Today I'm returning a bunch of library books that I don't see myself getting around to reading in the near future. Lest I forget to come back to them:
Another City, Not My Own, by Dominick Dunne. It's Dunne's O.J. book, and routinely ripped as a shallow exercise in name-dropping. I'll read it someday, but I've already got library copies of Paula Barbieri's
book and the O.J.
book that Toni Morrison edited (!) waiting at home.
Become What You Are, by Alan Watts. A collection of previously-published articles, split between essays from the mid-'50s and shorter pieces from the late '30s, from Mr. Eastern-thought-for-Westerners. From
Shambhala, the Eastern-thought-for-Westerners publisher. Not to be confused with the
Juliana Hatfield album of the same name.
Behind Bars: Surviving Prison, by Jeffrey Ian Ross and Stephen C. Richards. Ross is a professor of criminology who worked for several years in a correctional facility. Richards is a professor of sociology and criminology who spent eleven years in the federal system. It's intended as a how-to book.
The Getaway, by Jim Thompson. Like many of Thompson's books, this one was made into a
movie. Two, actually, but one looks
terrifyingly awful.
The Getaway Man, by Andrew Vachss. I'm not always a big fan of modern noir, but this one is self-consciously retro. And it's published by
Black Lizard, who have put out some very good short-story anthologies.
Giants of Jazz, by Studs Terkel. Terkel's first book, from 1957. It's full of quotations from interviews, kind of a harbinger of things to come. I love Terkel nearly as much as I love jazz. Thirteen musicians: King Oliver, Bessie Smith, Bix Biederbecke, Fats Waller, Duke Ellington, Benny Goodman, Count Basie, Billie Holiday, Woody Herman, Dizzy Gillespie, Charlie Parker and John Coltrane. I'm surprised I haven't read this one already.
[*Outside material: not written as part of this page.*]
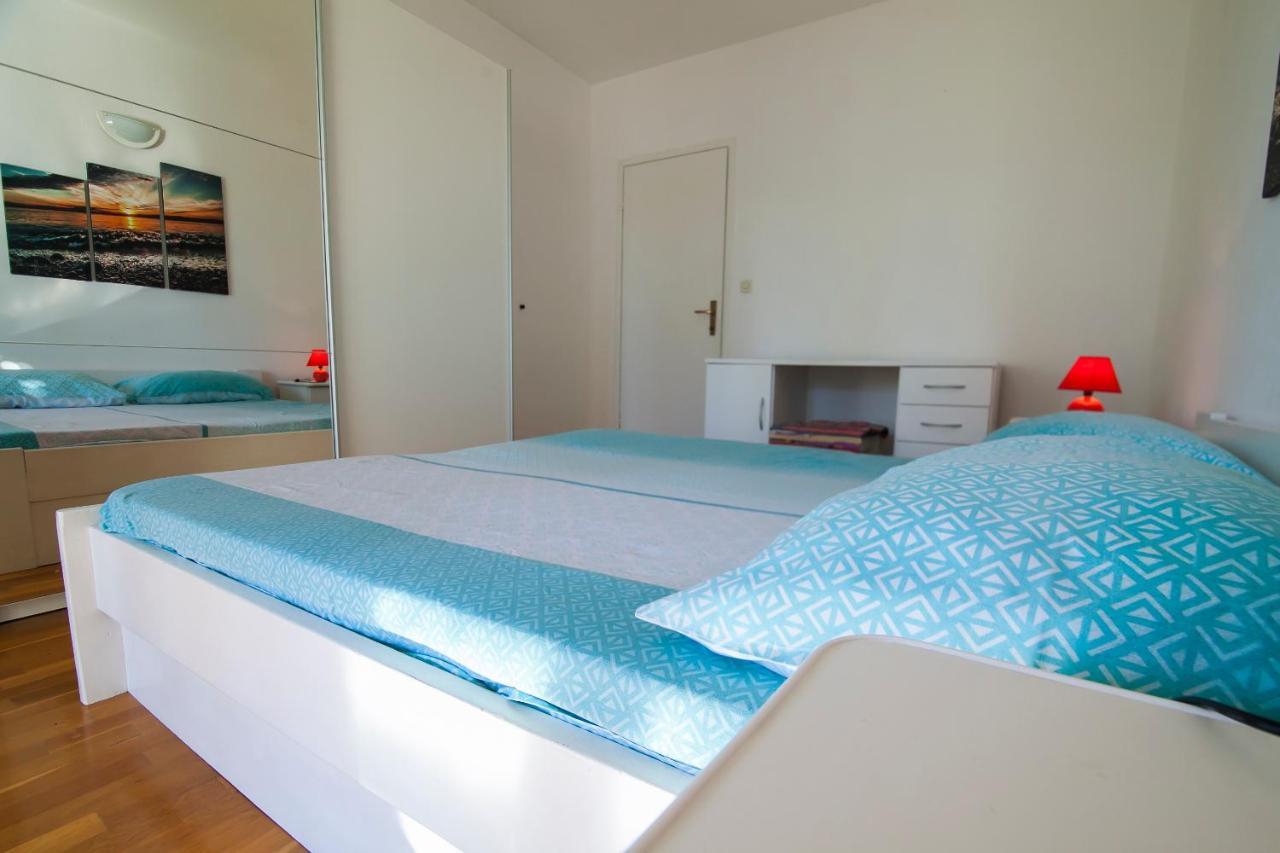 Apartments Radic Бол Екстер'єр фото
How Proust Can Change Your Life, by Alain de Botton. Proust reimagined as a self-help writer. Supposedly very funny. Chapter titles include 'How to Read for Yourself' and 'How to Suffer Successfully.'
Jazz Spoken Here, by Wayne Eustice and Paul Rubin. Interviews. I read the Charles Mingus and Henry Threadgill ones. Someday maybe I will read the others. Quote from Threadgill:
"We're not really radical at all. There's really no such thing as being radical, I don't think. You can't be that new. We're not doing anything new--it's just an extension. Your children are going to start using words differently; they're going to add more meaning to them. The jargon is going to change; the colloquialisms are going to be changed and added to. That's all we're doing. Nothing just jumps out of space. Things just don't appear. You don't even catch a cold that way. It's a continuum."
McLibel: Burger Culture on Trial, by John Vidal. I like the
documentary.
Truck, by Katherine Dunn. An earlier novel by the author of the deservedly-hyped-a-few-years-ago
Geek Love. This one is about a teenage girl runaway.